Source data

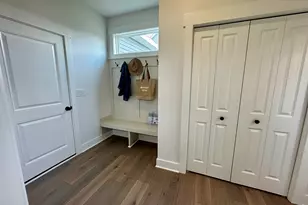8288 Eagle Peak Dr, Jenison, MI 49428 - Photo 20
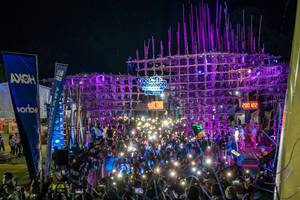 BIB: 000, 331, 200, 122
                            <button type="button" onclick="openModal(19374497)" class="btn btn-primary btn-sm float-right btn-popup" data-toggle="modal" data-target=".modal-high-quality">
                        <i class="fas fa-shopping-cart"></i> Add to Cart
                    </button>
                                            <button type="button" onclick="isThisMe(19374497, true)" class="btn btn-success btn-sm float-right btn-popup btn-isme hidden" data-toggle="tooltip" data-placement="bottom" title="นี่คือรูปของคุณใช่ไหม คลิกที่นี่เพื่อเอาเข้าอัลบั้ม">
                        <i class="fas fa-plus"></i> Add to album
                    </button>
                    <button type="button" onclick="isThisMe(19374497, false)" class="btn btn-warning btn-sm float-right btn-popup btn-isnotme hidden">
                        <i class="fas fa-ban"></i> Remove from album
                    </button>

▶ _Activity_
Please transcribe all of the records above exactly, leaving out any pictures.

▶ _Task solution_
8288 Eagle Peak Dr, Jenison, MI 49428 - Photo 20
 BIB: 000, 331, 200, 122
                            <button type="button" onclick="openModal(19374497)" class="btn btn-primary btn-sm float-right btn-popup" data-toggle="modal" data-target=".modal-high-quality">
                        <i class="fas fa-shopping-cart"></i> Add to Cart
                    </button>
                                            <button type="button" onclick="isThisMe(19374497, true)" class="btn btn-success btn-sm float-right btn-popup btn-isme hidden" data-toggle="tooltip" data-placement="bottom" title="นี่คือรูปของคุณใช่ไหม คลิกที่นี่เพื่อเอาเข้าอัลบั้ม">
                        <i class="fas fa-plus"></i> Add to album
                    </button>
                    <button type="button" onclick="isThisMe(19374497, false)" class="btn btn-warning btn-sm float-right btn-popup btn-isnotme hidden">
                        <i class="fas fa-ban"></i> Remove from album
                    </button>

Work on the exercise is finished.